_RECORDS SHOWN_
══════════════════════════════

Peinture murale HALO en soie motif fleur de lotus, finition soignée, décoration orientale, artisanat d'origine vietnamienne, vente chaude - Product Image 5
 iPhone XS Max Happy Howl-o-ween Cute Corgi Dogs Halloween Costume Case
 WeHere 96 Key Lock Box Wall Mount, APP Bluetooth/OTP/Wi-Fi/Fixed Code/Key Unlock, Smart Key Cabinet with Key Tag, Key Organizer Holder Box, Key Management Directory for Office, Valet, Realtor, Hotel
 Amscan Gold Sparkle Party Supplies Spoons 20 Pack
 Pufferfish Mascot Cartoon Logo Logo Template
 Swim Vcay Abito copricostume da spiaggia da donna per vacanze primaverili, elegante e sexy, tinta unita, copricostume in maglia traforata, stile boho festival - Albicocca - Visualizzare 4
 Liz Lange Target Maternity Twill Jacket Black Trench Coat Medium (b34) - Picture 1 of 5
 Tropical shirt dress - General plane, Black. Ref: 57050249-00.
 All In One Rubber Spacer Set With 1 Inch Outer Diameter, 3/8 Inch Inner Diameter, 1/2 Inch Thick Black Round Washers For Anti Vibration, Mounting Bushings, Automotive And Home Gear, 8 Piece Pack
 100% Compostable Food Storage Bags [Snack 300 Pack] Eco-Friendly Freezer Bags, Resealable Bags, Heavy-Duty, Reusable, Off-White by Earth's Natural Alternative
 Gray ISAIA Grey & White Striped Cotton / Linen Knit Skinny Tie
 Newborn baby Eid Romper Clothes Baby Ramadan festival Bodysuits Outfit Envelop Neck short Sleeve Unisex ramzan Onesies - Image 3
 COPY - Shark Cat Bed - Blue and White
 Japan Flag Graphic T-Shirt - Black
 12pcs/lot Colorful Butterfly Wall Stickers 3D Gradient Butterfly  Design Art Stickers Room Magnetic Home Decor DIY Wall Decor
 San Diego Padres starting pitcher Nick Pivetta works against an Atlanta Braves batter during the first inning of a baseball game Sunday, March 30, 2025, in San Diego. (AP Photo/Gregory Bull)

══════════════════════════════

Write out the material from the first line to the last, exactly.

_RESPONSE AREA_
Peinture murale HALO en soie motif fleur de lotus, finition soignée, décoration orientale, artisanat d'origine vietnamienne, vente chaude - Product Image 5
 iPhone XS Max Happy Howl-o-ween Cute Corgi Dogs Halloween Costume Case
 WeHere 96 Key Lock Box Wall Mount, APP Bluetooth/OTP/Wi-Fi/Fixed Code/Key Unlock, Smart Key Cabinet with Key Tag, Key Organizer Holder Box, Key Management Directory for Office, Valet, Realtor, Hotel
 Amscan Gold Sparkle Party Supplies Spoons 20 Pack
 Pufferfish Mascot Cartoon Logo Logo Template
 Swim Vcay Abito copricostume da spiaggia da donna per vacanze primaverili, elegante e sexy, tinta unita, copricostume in maglia traforata, stile boho festival - Albicocca - Visualizzare 4
 Liz Lange Target Maternity Twill Jacket Black Trench Coat Medium (b34) - Picture 1 of 5
 Tropical shirt dress - General plane, Black. Ref: 57050249-00.
 All In One Rubber Spacer Set With 1 Inch Outer Diameter, 3/8 Inch Inner Diameter, 1/2 Inch Thick Black Round Washers For Anti Vibration, Mounting Bushings, Automotive And Home Gear, 8 Piece Pack
 100% Compostable Food Storage Bags [Snack 300 Pack] Eco-Friendly Freezer Bags, Resealable Bags, Heavy-Duty, Reusable, Off-White by Earth's Natural Alternative
 Gray ISAIA Grey & White Striped Cotton / Linen Knit Skinny Tie
 Newborn baby Eid Romper Clothes Baby Ramadan festival Bodysuits Outfit Envelop Neck short Sleeve Unisex ramzan Onesies - Image 3
 COPY - Shark Cat Bed - Blue and White
 Japan Flag Graphic T-Shirt - Black
 12pcs/lot Colorful Butterfly Wall Stickers 3D Gradient Butterfly  Design Art Stickers Room Magnetic Home Decor DIY Wall Decor
 San Diego Padres starting pitcher Nick Pivetta works against an Atlanta Braves batter during the first inning of a baseball game Sunday, March 30, 2025, in San Diego. (AP Photo/Gregory Bull)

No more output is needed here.